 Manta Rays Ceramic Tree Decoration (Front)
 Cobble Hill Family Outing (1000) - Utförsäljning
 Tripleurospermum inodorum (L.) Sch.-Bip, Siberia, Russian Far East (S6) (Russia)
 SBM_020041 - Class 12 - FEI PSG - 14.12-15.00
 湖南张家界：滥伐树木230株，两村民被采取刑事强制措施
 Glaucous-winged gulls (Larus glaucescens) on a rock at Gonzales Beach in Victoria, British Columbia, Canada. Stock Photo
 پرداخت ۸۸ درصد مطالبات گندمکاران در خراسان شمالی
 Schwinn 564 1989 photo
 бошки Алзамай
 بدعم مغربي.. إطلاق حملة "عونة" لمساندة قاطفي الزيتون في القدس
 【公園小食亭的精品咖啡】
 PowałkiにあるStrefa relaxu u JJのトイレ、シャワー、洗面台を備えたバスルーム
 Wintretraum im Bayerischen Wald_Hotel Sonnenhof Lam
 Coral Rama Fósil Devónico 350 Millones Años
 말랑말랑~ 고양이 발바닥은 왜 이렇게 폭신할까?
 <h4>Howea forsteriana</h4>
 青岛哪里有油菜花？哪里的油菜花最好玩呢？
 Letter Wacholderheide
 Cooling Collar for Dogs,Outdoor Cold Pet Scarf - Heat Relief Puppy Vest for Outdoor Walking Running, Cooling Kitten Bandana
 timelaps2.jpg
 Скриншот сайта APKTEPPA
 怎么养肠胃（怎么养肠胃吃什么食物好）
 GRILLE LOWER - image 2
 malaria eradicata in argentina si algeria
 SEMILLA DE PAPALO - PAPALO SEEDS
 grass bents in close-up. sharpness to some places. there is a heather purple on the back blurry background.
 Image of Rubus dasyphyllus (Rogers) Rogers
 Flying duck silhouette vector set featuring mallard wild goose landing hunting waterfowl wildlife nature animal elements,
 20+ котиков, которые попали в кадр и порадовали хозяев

··········

> [YOUR TASK] Exact copies of all the records are required.

> [COMPLETED EXERCISE]
 Manta Rays Ceramic Tree Decoration (Front)
 Cobble Hill Family Outing (1000) - Utförsäljning
 Tripleurospermum inodorum (L.) Sch.-Bip, Siberia, Russian Far East (S6) (Russia)
 SBM_020041 - Class 12 - FEI PSG - 14.12-15.00
 湖南张家界：滥伐树木230株，两村民被采取刑事强制措施
 Glaucous-winged gulls (Larus glaucescens) on a rock at Gonzales Beach in Victoria, British Columbia, Canada. Stock Photo
 پرداخت ۸۸ درصد مطالبات گندمکاران در خراسان شمالی
 Schwinn 564 1989 photo
 бошки Алзамай
 بدعم مغربي.. إطلاق حملة "عونة" لمساندة قاطفي الزيتون في القدس
 【公園小食亭的精品咖啡】
 PowałkiにあるStrefa relaxu u JJのトイレ、シャワー、洗面台を備えたバスルーム
 Wintretraum im Bayerischen Wald_Hotel Sonnenhof Lam
 Coral Rama Fósil Devónico 350 Millones Años
 말랑말랑~ 고양이 발바닥은 왜 이렇게 폭신할까?
 <h4>Howea forsteriana</h4>
 青岛哪里有油菜花？哪里的油菜花最好玩呢？
 Letter Wacholderheide
 Cooling Collar for Dogs,Outdoor Cold Pet Scarf - Heat Relief Puppy Vest for Outdoor Walking Running, Cooling Kitten Bandana
 timelaps2.jpg
 Скриншот сайта APKTEPPA
 怎么养肠胃（怎么养肠胃吃什么食物好）
 GRILLE LOWER - image 2
 malaria eradicata in argentina si algeria
 SEMILLA DE PAPALO - PAPALO SEEDS
 grass bents in close-up. sharpness to some places. there is a heather purple on the back blurry background.
 Image of Rubus dasyphyllus (Rogers) Rogers
 Flying duck silhouette vector set featuring mallard wild goose landing hunting waterfowl wildlife nature animal elements,
 20+ котиков, которые попали в кадр и порадовали хозяев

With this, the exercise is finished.